A great ending to a crappy start.

Reactions: Like 3


----------



## SENC (Sep 9, 2014)

Awesome, Allan! You're gonna like that!

Reactions: Like 1


----------



## Mike1950 (Sep 10, 2014)

VERY cool old saw!!!!

Reactions: Like 1


----------



## Sprung (Sep 10, 2014)

Old iron is awesome. Nice saw!

Reactions: Like 1


----------



## TimR (Sep 10, 2014)

Looks like a nice old arn find! My only old iron is a WWII era Walker Turner WT900 drill press in perfect working order. Battleship grey paint...I may have to get a pic of it and post for an 'old arn' thread.

Reactions: Like 1


----------



## justallan (Sep 10, 2014)

Last year I made a rocking horse/airplane for toys for tots and all I had was a hand-me-down bandsaw that, although was better than nothing, just wasn't up to par in my mind.
I've had folks that want them and now I can make them a lot easier. The little bandsaw shall be passed on to another beginner.

Reactions: Like 1 | Way Cool 5


----------



## woodtickgreg (Sep 10, 2014)

TimR said:


> Looks like a nice old arn find! My only old iron is a WWII era Walker Turner WT900 drill press in perfect working order. Battleship grey paint...I may have to get a pic of it and post for an 'old arn' thread.
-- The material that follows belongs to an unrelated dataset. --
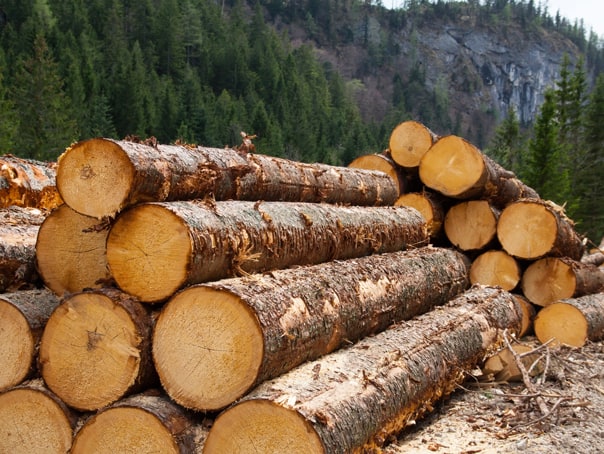 i.t.m. sibiu a constatat nereguli grave la exploatarea forestieră. au fost aplicate amenzi de 8.000 de lei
we have a show us your old iron thread, post that drill press for all to see. I'd like to see it.


----------



## woodtickgreg (Sep 10, 2014)

Allan, A little elbow grease and she will serve you well. clean up that table and wax it up. Cool find.

Reactions: Like 1


----------



## Kevin (Sep 10, 2014)

Allan that's a cool rocking plane. I'm really impressed - you're a get-it-done kind of guy it is quite apparent.

Reactions: Thank You! 1


----------



## TimR (Sep 10, 2014)

woodtickgreg said:


> we have a show us your old iron thread, post that drill press for all to see. I'd like to see it.


Well shoot, I looked for the thread but couldn't find it... I don't want to further hijack this thread. I'll post it though and if we find the old iron thread, feed me to the dogs and move the thread!


----------